> [COLLECTED DATA]:
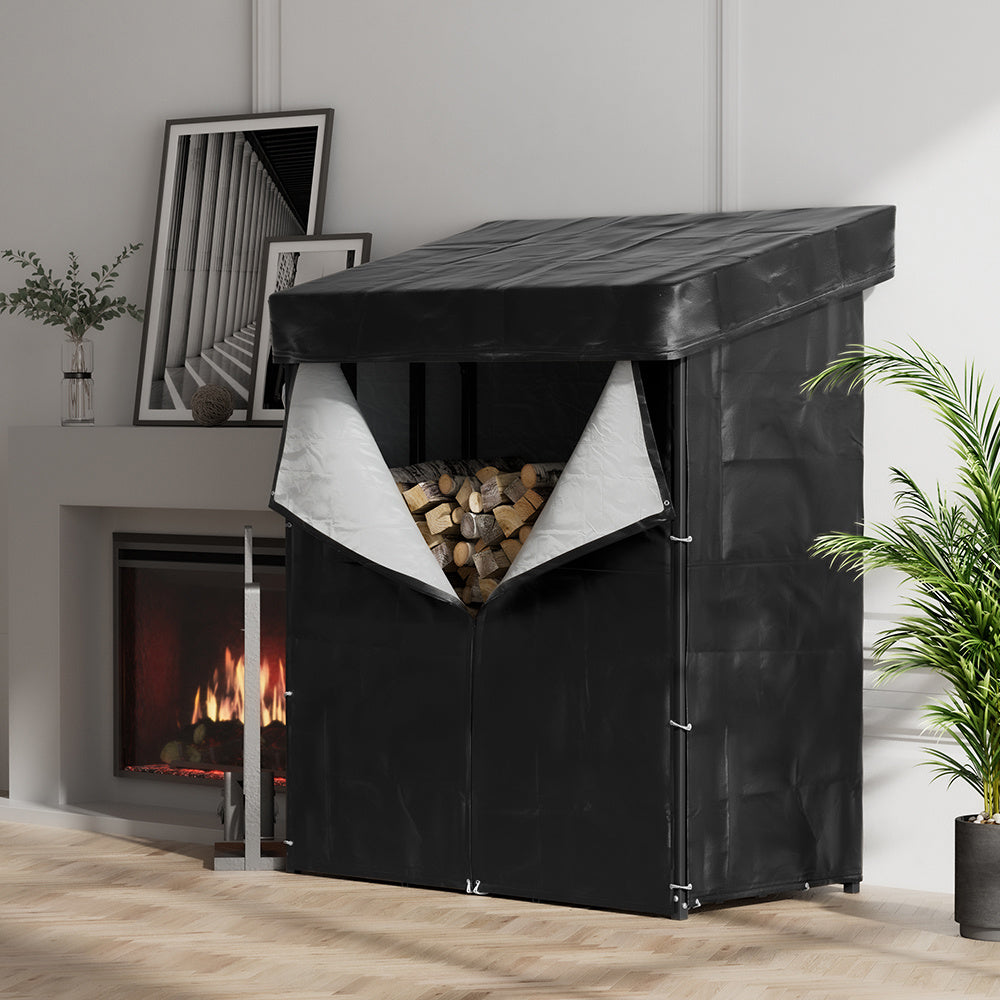 Grey 185cm Garden Metal Tube Firewood Rack with Roof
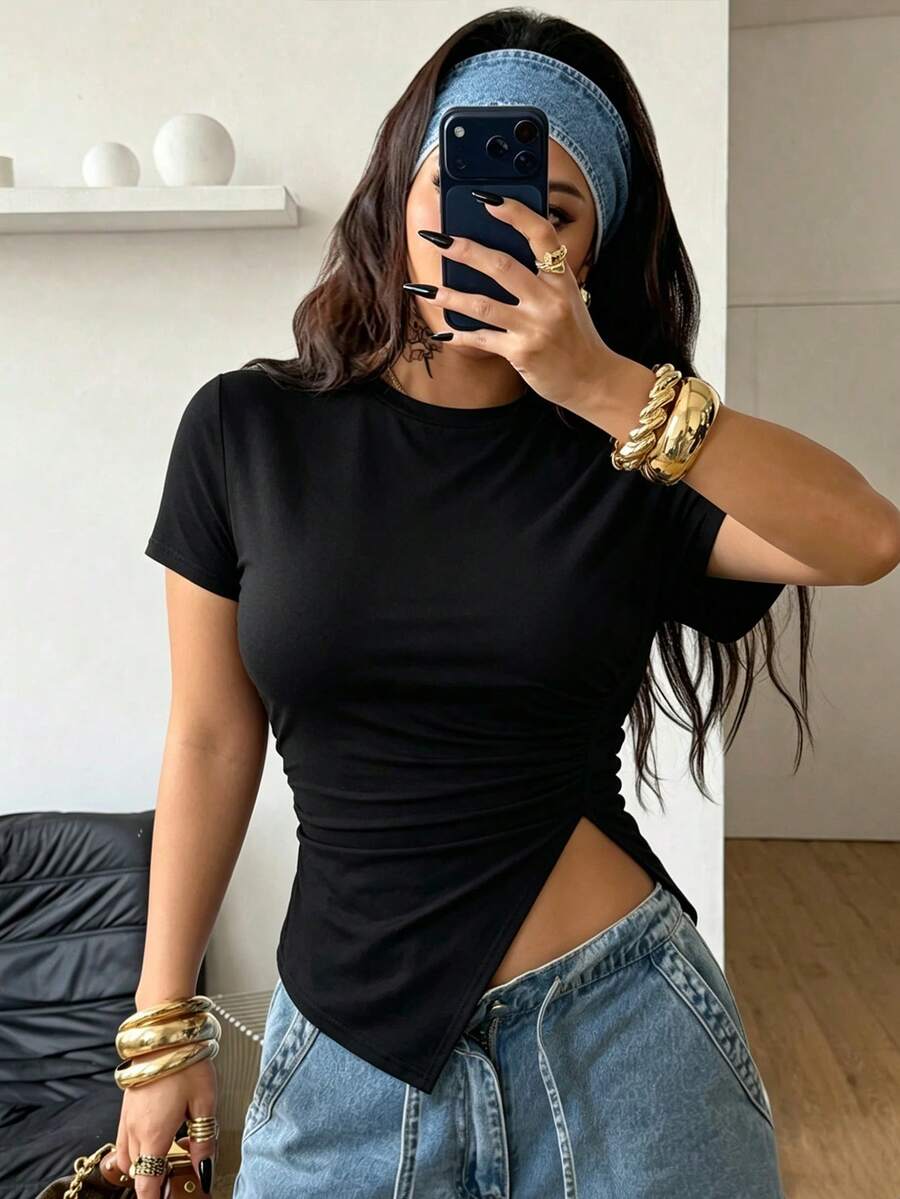 女士夏季新款简约时尚设计不对称肩部休闲不对称短袖修身T恤，百搭衬衫 - 黑色 - 查看 1
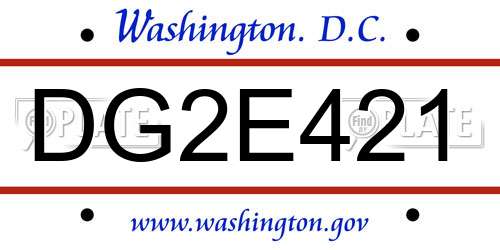 DG2E421 District Of Columbia License Plate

> [PROBLEM REQUIREMENTS]:
Output the whole listing exactly. Pictures stay out.

> [TASK OUTPUT]:
 Grey 185cm Garden Metal Tube Firewood Rack with Roof
 女士夏季新款简约时尚设计不对称肩部休闲不对称短袖修身T恤，百搭衬衫 - 黑色 - 查看 1
 DG2E421 District Of Columbia License Plate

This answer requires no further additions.